What needs to be done:
The whole listing below is to be copied exactly, with every picture left out.

Data block:
####

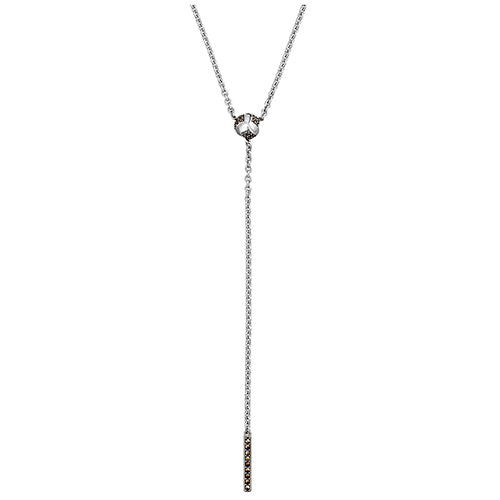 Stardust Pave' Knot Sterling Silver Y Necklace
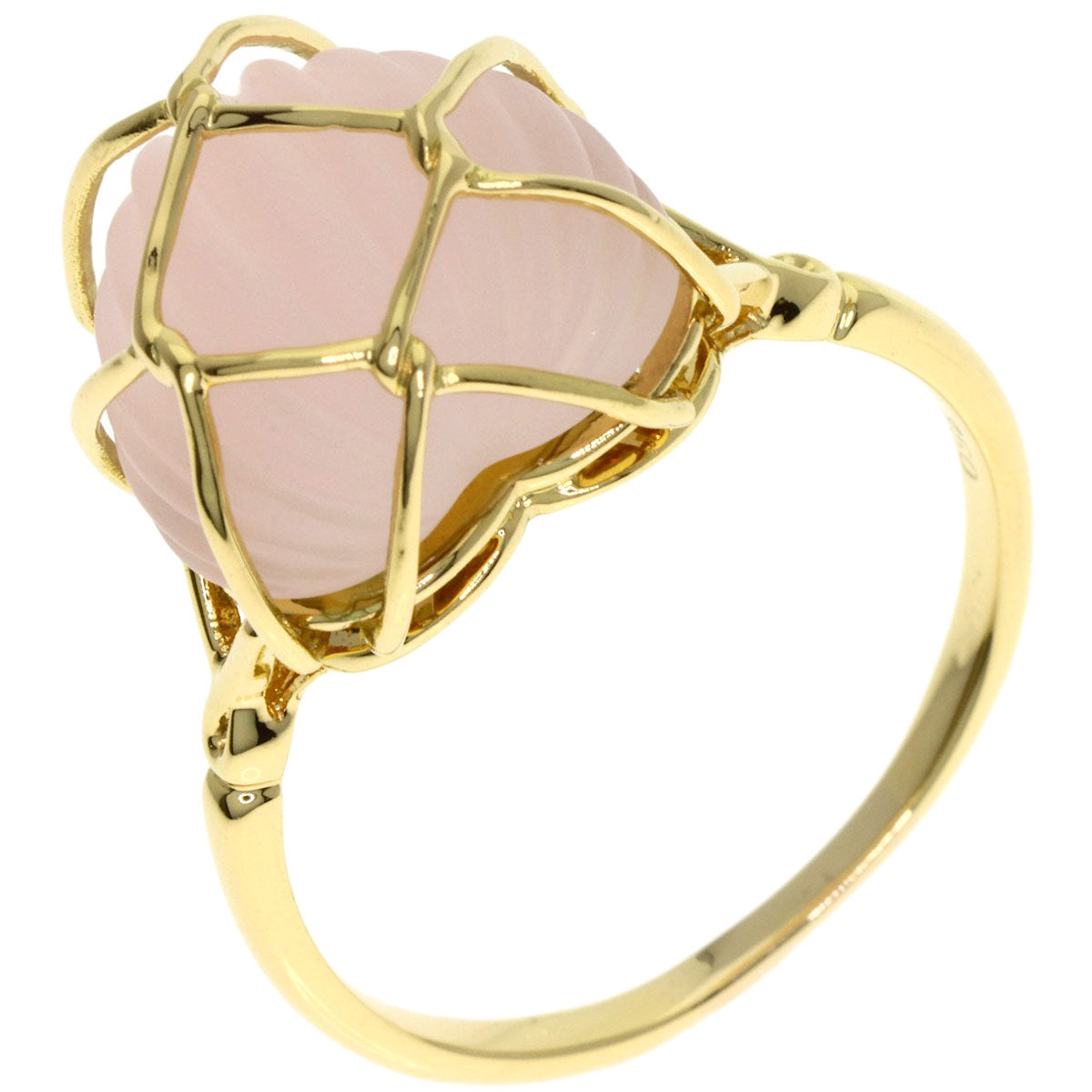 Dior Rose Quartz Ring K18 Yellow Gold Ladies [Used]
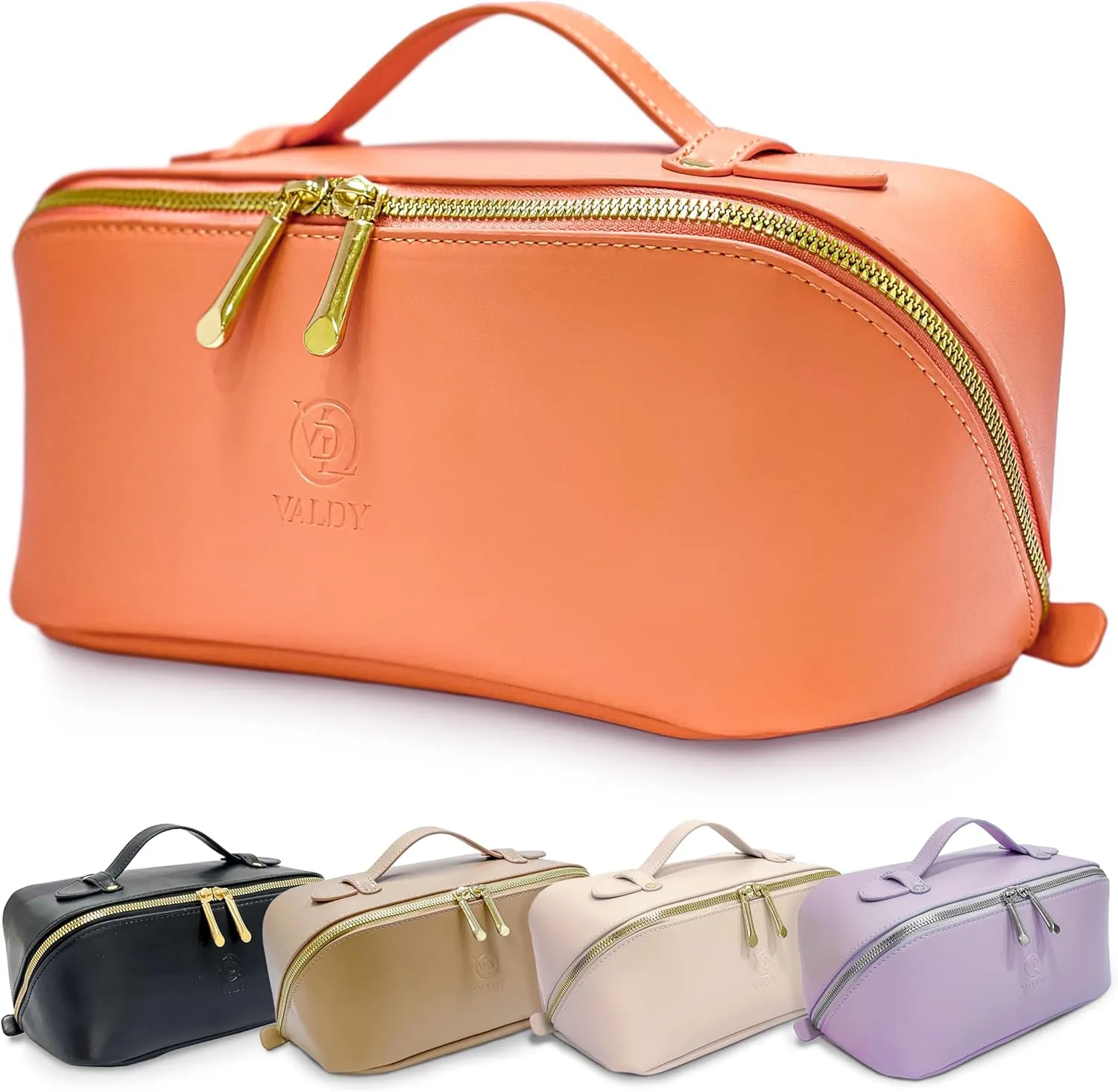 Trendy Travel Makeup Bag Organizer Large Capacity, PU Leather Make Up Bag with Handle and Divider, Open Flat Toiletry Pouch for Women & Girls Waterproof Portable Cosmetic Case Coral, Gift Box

####

Your response:
 Stardust Pave' Knot Sterling Silver Y Necklace
 Dior Rose Quartz Ring K18 Yellow Gold Ladies [Used]
 Trendy Travel Makeup Bag Organizer Large Capacity, PU Leather Make Up Bag with Handle and Divider, Open Flat Toiletry Pouch for Women & Girls Waterproof Portable Cosmetic Case Coral, Gift Box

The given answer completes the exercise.